Data transfer from a cache to a client is called cache egress. Data transfer to a cache is called cache fill. As illustrated in the following figure, cache fill can originate from another Cloud CDN cache or from the origin server.
On cache hits, you pay for cache egress bandwidth. On cache misses—including misses that resulted in cache-to-cache fill—you additionally pay for cache fill bandwidth. That means, all else being equal, cache hits cost less than cache misses. For detailed pricing information, refer to the pricing page.
Inserting content into cache
Caching is reactive in that an object is stored in a particular cache if a request goes through that cache and if the response is cacheable. An object stored in one cache does not automatically replicate into other caches; cache fill happens only in response to a client-initiated request. You cannot pre-load caches except by causing the individual caches to respond to requests.
When the origin server supports byte range requests, Cloud CDN can initiate multiple cache fill requests in reaction to a single client request. The section Requests initiated by Cloud CDN has more information about these requests.
Content served from cache
After you enable Cloud CDN, caching happens automatically for all cacheable content. Your origin server uses HTTP headers to indicate which responses should be cached and which should not. When you use a backend bucket, the origin server is Cloud Storage. When you use VM instances, the origin server is the web server software you run on those instances. Caching Details has additional information about what Cloud CDN caches and for how long.

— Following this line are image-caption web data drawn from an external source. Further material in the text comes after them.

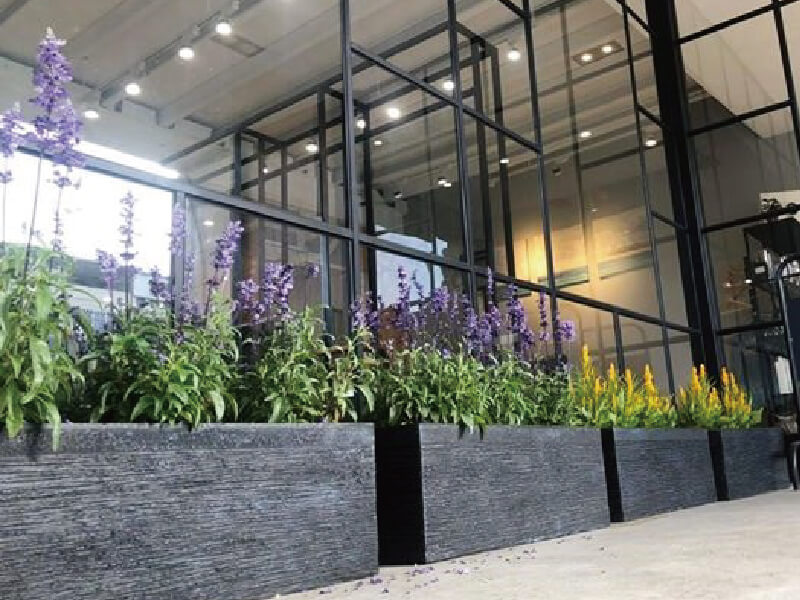 繽紛美羽盆-BF24121P37A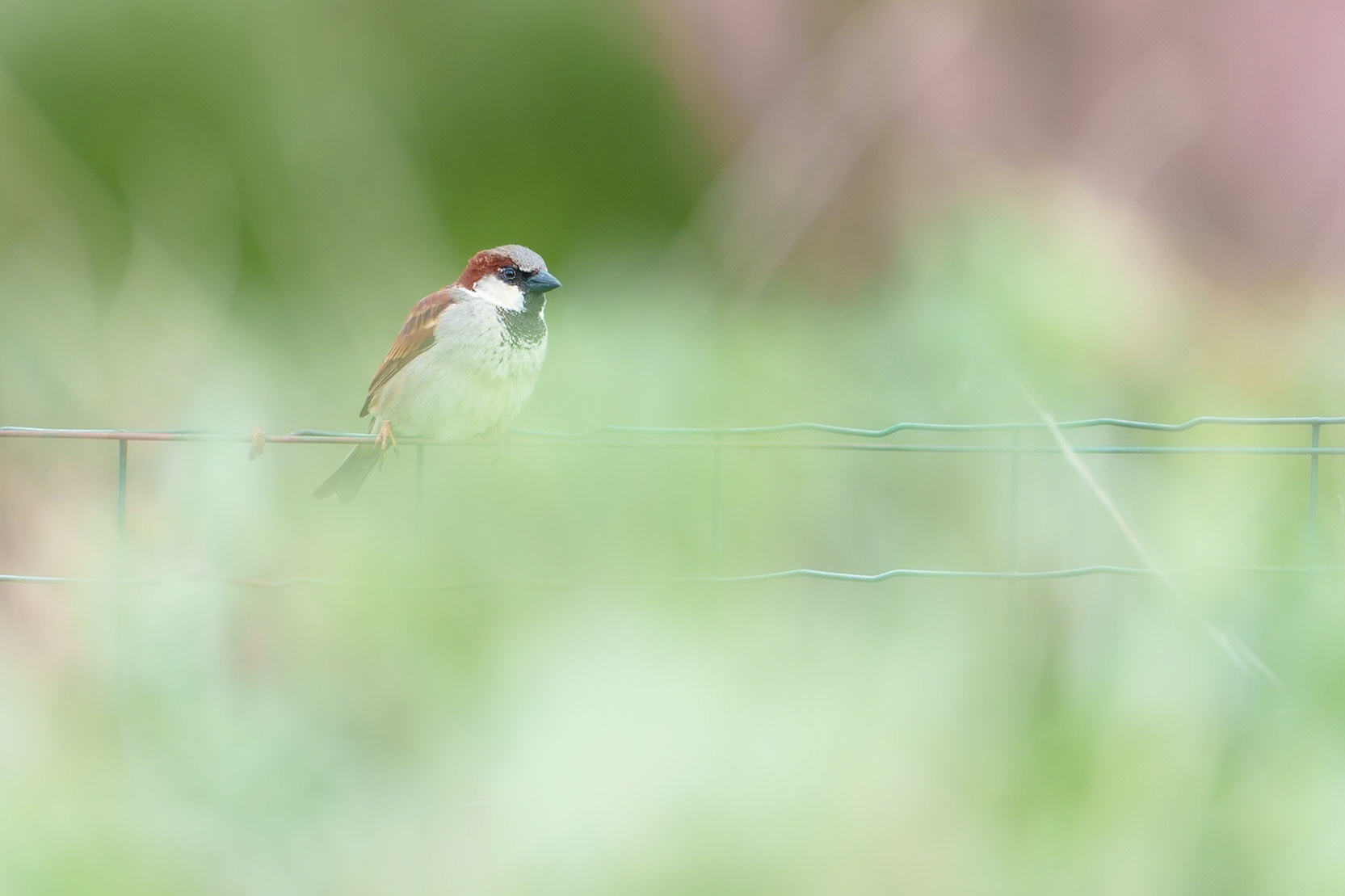 Moineau dans la haie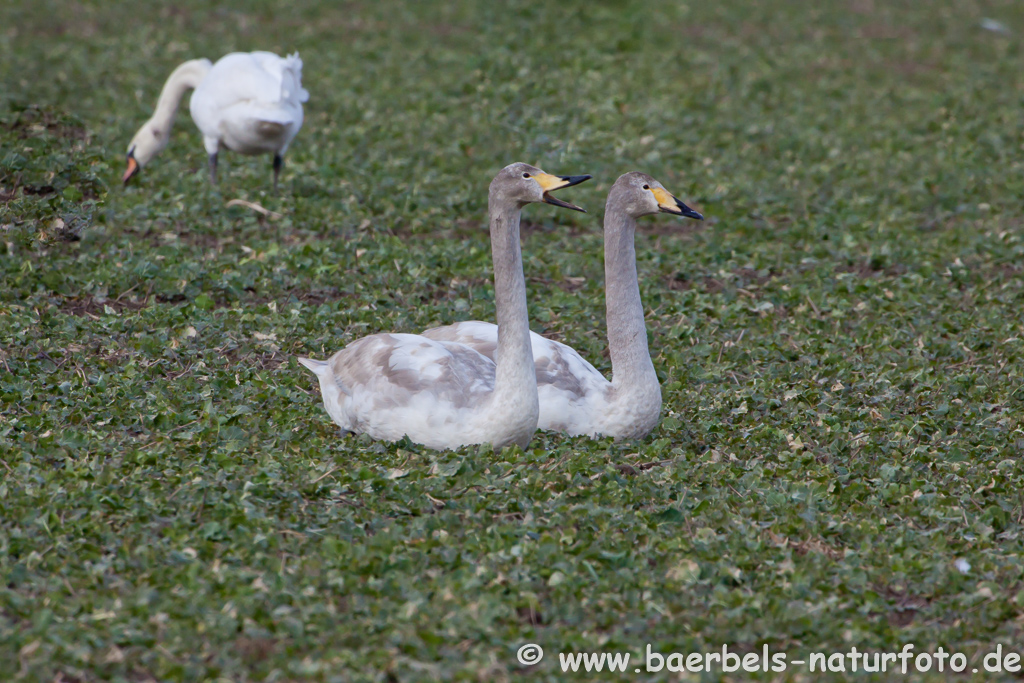 Singschwan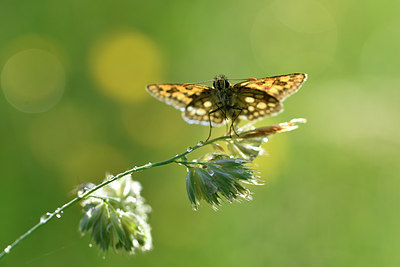 BUITEN BEELD Foto: 297253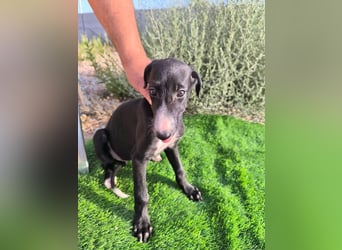 Benito - süßer Greyhound-Welpe aus Spanien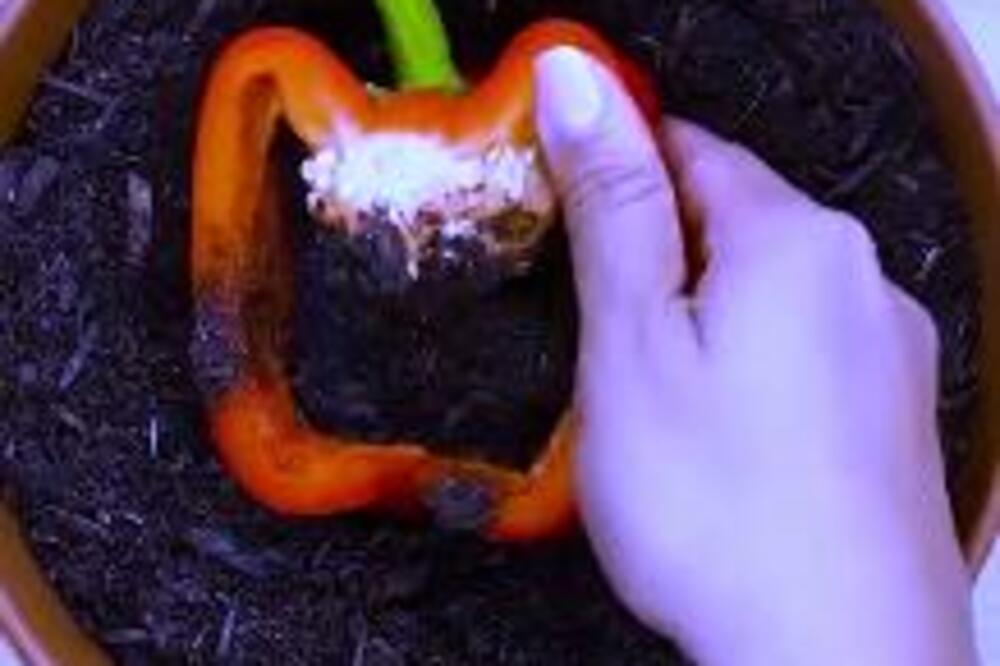 NAPUNILA JE PAPRIKU ZEMLJOM, MISLILI SU DA NIJE NORMALNA: Ono što se desio na kraju OBORIĆE vas sa nogu (VIDEO)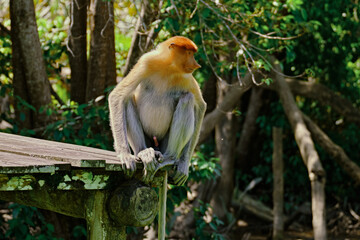 Proboscis Monkey in Borneo rainforest Sandakan Malaysia. Long-nosed monkey. It is endemic to Borneo.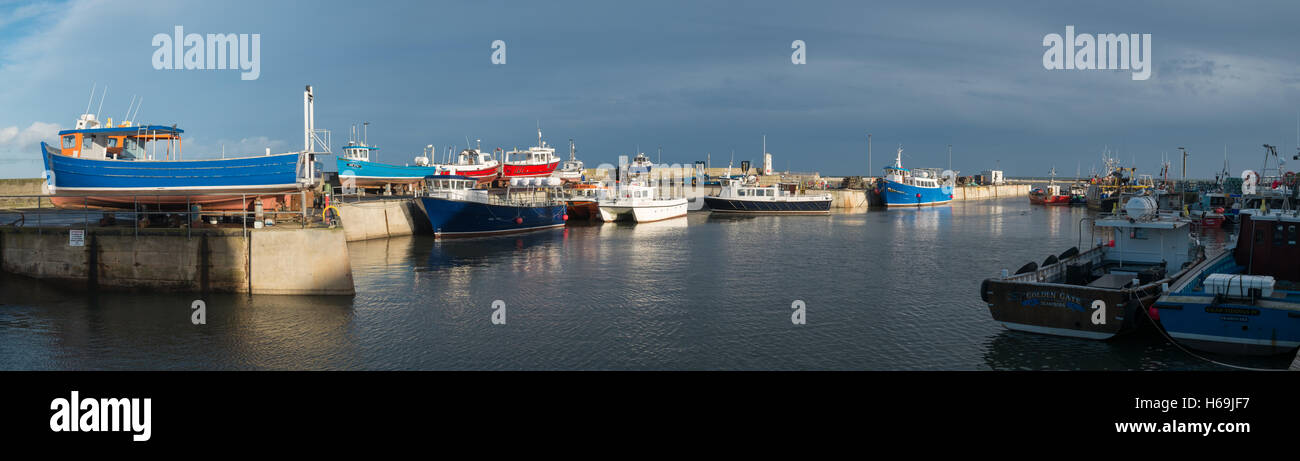 Panoramic view of fishing boats in Seahouses harbour Stock Photo - Alamy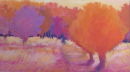 'Wild Garden'. 77x50cms framed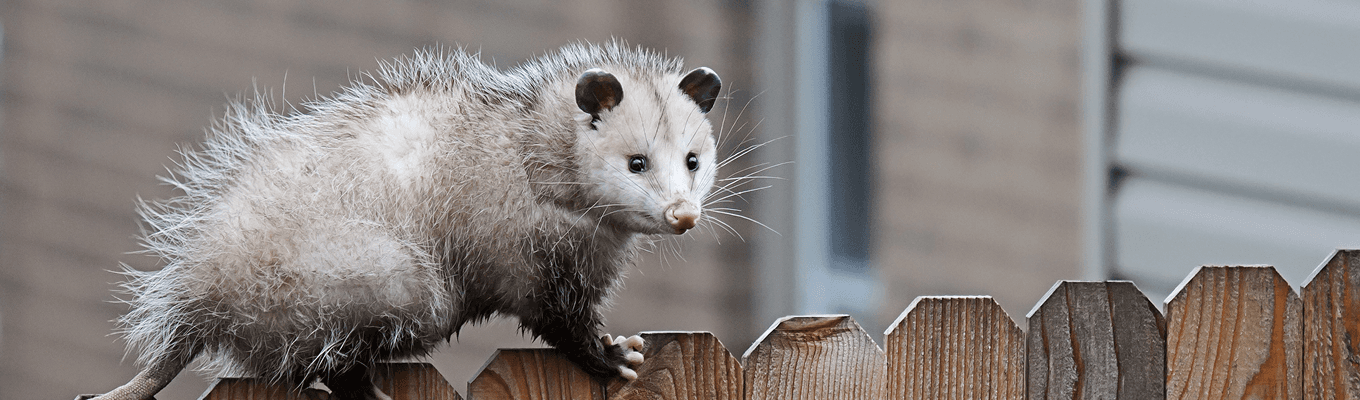 opossum-control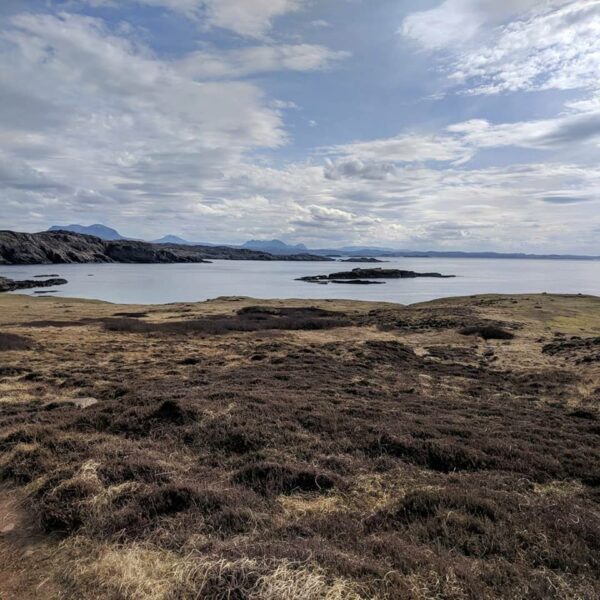 A solo experience | Scottish Wildlife Trust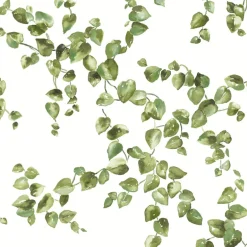 Simply Farmhouse Creeping Fig Vine Wallpaper - Green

Cloud CDN uses caches in numerous locations around the world. Because of the nature of caches, it is impossible to predict whether a particular request will be served out of cache. You can, however, expect that popular requests for cacheable content will be served from cache a high percentage of the time, yielding significantly reduced latencies, reduced cost, and reduced load on your origin servers.
Requests initiated by Cloud CDN
When your origin server supports byte range requests, Cloud CDN can send multiple requests to the origin server in reaction to a single client request. As described in Support for byte range requests, Cloud CDN can initiate two types of requests: validation requests and byte range requests. For more information about byte range requests, see that documentation.
Data location settings of other Cloud Platform Services
Note that using Cloud CDN means data may be stored at serving locations outside of the region or zone of your origin server. This is normal and how HTTP caching works on the Internet. Under the Service Specific Terms of the Google Cloud Platform Terms of Service, the Data Location Setting that is available for certain Cloud Platform Services will not apply to Core Customer Data for the respective Cloud Platform Service when used with other Google products and services (in this case the Cloud CDN service). If you do not want this outcome, please do not use the Cloud CDN service.